The state Cabinet has given an in-principle approval to amend the Maharashtra Cooperative Societies Act, 1960
Though the Congress and the Nationalist Congress Party (NCP) may fight the next elections in Maharashtra separately, when it comes to the cooperative sector, they sing a common tune.
The state Cabinet has given an in-principle approval to amend the Maharashtra Cooperative Societies Act, 1960, applicable to 2,47,000 cooperative bodies with an annual turnover of about Rs 6 lakh crore and a member strength of about 5,50,000. The amendment follows the 97th constitutional amendment passed by Parliament. As reported by Business Standard, next week, after the state government issues an ordinance, the new Act would be effective from February 16.
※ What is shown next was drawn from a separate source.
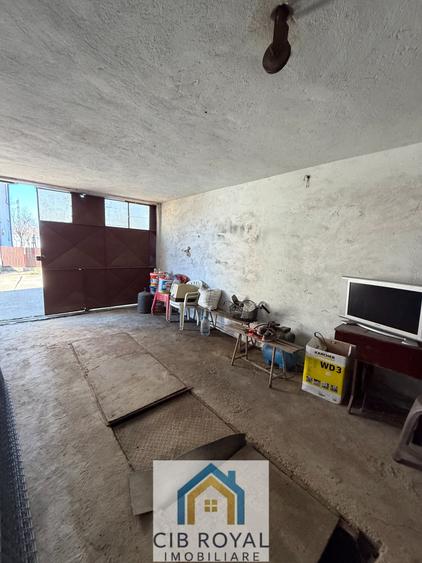 Casă individuală cu 6 camere cu Garaj în Corbii Mari
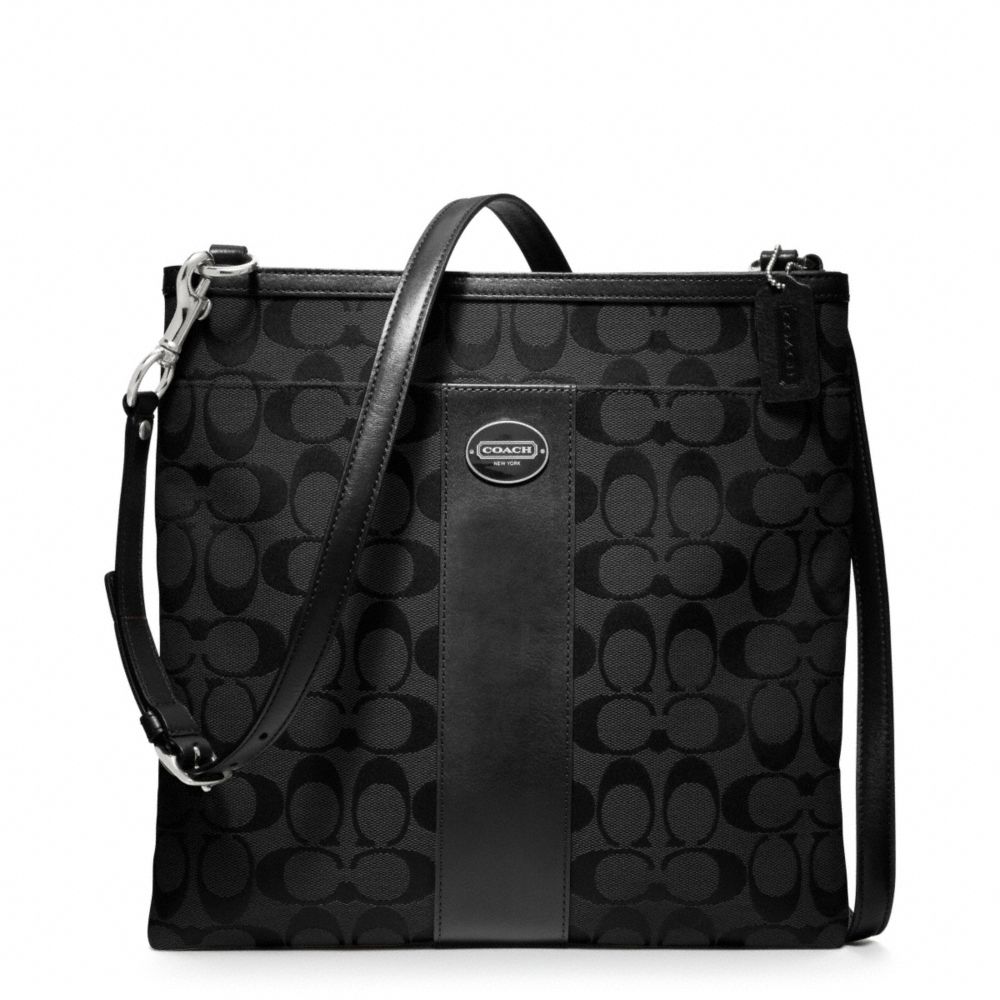 COACH LARGE SWINGPACK IN SIGNATURE FABRIC - SILVER/BLACK/BLACK - F48446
Congress and NCP ministers have opposed a provision in the new Act under which cooperative societies deposit funds in nationalised banks, scheduled banks, urban cooperative banks, district central cooperative banks and the Maharashtra State Cooperative Bank. The ministers have insisted only cooperative bodies with an ‘A’ audit grade for the last three years be allowed to invest in nationalised banks, scheduled banks and urban cooperative banks.
“According to the 97th constitutional amendment, the investment of funds was allowed in other banks under Article 43B to provide autonomy and under Article 243ZI to facilitate professional management. However, there was consensus that cooperative bodies, if thrown open to fierce competition, might face hurdles and, therefore, bodies with ‘A’ audit class for the last three years would be able to park their funds in nationalised, scheduled and urban cooperative banks,” a senior NCP minister told Business Standard.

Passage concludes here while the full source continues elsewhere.